:: GIVEN RECORDS ::

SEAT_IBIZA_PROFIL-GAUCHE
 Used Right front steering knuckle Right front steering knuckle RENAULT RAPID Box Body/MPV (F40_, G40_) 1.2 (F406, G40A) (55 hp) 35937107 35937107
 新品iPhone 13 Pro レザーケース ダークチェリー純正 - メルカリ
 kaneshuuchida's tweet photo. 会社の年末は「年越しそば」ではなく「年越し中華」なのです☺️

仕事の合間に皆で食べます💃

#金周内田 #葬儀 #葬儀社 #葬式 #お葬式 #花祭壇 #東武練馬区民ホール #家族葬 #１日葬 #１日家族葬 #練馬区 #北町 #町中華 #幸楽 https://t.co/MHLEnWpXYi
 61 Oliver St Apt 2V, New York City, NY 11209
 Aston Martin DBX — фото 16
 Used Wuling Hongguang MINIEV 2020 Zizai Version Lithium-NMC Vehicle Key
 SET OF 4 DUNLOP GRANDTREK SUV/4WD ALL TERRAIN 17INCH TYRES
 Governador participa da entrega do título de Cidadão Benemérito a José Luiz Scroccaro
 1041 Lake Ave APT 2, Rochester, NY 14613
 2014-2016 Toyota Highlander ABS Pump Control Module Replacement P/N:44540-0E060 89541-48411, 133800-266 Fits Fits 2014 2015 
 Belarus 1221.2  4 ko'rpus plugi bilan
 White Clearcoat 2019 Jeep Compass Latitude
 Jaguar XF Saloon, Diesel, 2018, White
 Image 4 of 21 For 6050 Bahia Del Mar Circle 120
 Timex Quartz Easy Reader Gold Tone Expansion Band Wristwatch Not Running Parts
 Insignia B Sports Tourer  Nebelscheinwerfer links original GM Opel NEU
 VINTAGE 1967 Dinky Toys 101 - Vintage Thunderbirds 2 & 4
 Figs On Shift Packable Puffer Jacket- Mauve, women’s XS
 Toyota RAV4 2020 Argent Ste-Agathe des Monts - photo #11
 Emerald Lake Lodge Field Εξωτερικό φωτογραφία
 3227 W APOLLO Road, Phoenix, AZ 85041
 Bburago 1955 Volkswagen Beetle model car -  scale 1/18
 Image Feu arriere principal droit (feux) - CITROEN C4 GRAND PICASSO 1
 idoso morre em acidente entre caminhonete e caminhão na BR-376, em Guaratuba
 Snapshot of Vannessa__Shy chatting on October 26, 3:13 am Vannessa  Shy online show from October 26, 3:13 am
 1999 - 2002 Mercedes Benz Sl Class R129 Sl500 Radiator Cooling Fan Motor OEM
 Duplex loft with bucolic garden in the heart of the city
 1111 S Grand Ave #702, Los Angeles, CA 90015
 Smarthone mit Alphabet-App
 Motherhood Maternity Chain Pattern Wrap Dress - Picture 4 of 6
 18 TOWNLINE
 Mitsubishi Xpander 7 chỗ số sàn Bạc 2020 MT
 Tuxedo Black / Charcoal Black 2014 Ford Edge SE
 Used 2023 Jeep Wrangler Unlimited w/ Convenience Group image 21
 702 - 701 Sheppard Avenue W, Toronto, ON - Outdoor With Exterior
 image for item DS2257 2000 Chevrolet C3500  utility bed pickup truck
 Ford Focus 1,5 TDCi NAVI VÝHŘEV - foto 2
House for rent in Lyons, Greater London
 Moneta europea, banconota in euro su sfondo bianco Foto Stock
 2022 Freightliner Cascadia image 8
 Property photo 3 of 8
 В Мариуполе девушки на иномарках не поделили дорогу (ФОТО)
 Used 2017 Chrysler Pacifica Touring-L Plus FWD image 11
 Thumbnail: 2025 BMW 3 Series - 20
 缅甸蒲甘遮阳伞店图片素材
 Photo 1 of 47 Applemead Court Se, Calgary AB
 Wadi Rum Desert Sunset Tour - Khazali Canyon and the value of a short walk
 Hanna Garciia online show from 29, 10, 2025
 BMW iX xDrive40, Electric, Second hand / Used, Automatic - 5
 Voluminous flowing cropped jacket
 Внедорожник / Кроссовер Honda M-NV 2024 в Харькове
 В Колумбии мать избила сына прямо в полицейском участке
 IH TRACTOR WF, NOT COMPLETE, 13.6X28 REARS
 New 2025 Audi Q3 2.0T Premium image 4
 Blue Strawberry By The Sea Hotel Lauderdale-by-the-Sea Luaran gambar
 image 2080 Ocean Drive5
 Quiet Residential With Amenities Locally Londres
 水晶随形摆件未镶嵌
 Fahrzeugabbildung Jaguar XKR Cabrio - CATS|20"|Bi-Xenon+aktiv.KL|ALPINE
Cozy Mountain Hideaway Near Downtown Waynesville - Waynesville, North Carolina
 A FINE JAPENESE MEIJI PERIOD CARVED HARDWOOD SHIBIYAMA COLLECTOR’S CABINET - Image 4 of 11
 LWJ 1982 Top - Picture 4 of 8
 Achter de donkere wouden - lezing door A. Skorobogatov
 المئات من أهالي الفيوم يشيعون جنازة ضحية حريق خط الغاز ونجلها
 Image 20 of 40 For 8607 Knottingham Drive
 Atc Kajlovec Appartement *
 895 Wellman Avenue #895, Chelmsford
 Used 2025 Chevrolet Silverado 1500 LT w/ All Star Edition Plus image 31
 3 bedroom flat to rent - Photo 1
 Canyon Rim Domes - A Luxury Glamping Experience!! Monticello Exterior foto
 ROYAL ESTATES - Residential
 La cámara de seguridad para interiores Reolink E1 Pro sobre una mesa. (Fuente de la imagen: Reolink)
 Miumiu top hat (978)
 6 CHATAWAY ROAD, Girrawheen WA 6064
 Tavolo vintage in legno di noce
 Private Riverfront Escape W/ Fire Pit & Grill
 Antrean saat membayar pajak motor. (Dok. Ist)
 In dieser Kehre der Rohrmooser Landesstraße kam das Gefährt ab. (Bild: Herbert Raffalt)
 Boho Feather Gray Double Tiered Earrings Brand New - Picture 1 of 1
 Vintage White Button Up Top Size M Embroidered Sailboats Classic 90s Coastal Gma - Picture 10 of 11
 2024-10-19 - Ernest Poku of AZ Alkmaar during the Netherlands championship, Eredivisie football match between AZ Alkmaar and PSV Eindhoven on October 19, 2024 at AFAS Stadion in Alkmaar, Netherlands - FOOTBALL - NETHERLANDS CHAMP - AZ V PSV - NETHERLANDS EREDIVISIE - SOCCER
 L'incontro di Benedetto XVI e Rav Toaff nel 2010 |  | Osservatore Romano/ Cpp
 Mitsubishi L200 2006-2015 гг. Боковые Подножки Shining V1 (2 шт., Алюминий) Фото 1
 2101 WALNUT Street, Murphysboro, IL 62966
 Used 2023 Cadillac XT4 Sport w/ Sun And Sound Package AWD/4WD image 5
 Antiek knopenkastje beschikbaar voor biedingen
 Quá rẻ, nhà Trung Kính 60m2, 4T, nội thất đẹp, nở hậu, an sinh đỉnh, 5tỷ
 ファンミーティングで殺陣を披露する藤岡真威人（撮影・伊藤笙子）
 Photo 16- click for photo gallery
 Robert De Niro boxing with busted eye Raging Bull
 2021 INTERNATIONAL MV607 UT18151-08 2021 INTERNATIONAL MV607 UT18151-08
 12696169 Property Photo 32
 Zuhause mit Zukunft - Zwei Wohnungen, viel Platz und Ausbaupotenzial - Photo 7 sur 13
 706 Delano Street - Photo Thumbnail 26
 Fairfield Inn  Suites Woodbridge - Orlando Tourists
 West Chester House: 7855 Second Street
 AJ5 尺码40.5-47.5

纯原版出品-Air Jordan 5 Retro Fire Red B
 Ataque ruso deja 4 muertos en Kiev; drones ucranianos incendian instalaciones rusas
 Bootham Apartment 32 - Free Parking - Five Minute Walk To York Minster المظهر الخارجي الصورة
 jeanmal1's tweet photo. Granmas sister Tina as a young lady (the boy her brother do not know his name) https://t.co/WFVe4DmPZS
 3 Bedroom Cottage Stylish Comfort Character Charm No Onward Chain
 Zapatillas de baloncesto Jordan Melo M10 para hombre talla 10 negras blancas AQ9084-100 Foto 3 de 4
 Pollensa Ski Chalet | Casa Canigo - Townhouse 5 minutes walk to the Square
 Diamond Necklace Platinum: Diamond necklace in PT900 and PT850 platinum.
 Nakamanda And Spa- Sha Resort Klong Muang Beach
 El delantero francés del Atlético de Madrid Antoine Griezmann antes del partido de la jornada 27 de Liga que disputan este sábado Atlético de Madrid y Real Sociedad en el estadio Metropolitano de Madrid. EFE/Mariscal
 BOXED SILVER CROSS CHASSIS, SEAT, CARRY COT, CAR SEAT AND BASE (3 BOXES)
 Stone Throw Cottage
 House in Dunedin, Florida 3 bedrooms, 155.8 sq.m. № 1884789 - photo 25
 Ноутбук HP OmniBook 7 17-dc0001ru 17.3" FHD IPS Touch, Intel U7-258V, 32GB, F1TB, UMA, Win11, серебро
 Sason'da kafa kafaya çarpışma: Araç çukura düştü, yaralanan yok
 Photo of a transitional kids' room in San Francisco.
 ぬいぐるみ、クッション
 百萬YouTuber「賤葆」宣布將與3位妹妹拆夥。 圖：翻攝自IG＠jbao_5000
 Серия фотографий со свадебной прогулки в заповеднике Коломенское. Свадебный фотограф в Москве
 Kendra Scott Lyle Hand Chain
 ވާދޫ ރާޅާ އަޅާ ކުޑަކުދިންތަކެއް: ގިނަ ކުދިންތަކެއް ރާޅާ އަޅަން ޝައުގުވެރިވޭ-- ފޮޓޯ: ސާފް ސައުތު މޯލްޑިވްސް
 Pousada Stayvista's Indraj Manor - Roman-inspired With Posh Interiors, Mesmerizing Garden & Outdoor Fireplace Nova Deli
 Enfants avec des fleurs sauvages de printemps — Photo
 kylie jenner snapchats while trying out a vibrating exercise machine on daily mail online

:::

Retype exactly, and only, the lines above from the one where "In dieser Kehre" occurs up to and including the one where "L'incontro di Benedetto" occurs.

§ **THE ANSWER**
 In dieser Kehre der Rohrmooser Landesstraße kam das Gefährt ab. (Bild: Herbert Raffalt)
 Boho Feather Gray Double Tiered Earrings Brand New - Picture 1 of 1
 Vintage White Button Up Top Size M Embroidered Sailboats Classic 90s Coastal Gma - Picture 10 of 11
 2024-10-19 - Ernest Poku of AZ Alkmaar during the Netherlands championship, Eredivisie football match between AZ Alkmaar and PSV Eindhoven on October 19, 2024 at AFAS Stadion in Alkmaar, Netherlands - FOOTBALL - NETHERLANDS CHAMP - AZ V PSV - NETHERLANDS EREDIVISIE - SOCCER
 L'incontro di Benedetto XVI e Rav Toaff nel 2010 |  | Osservatore Romano/ Cpp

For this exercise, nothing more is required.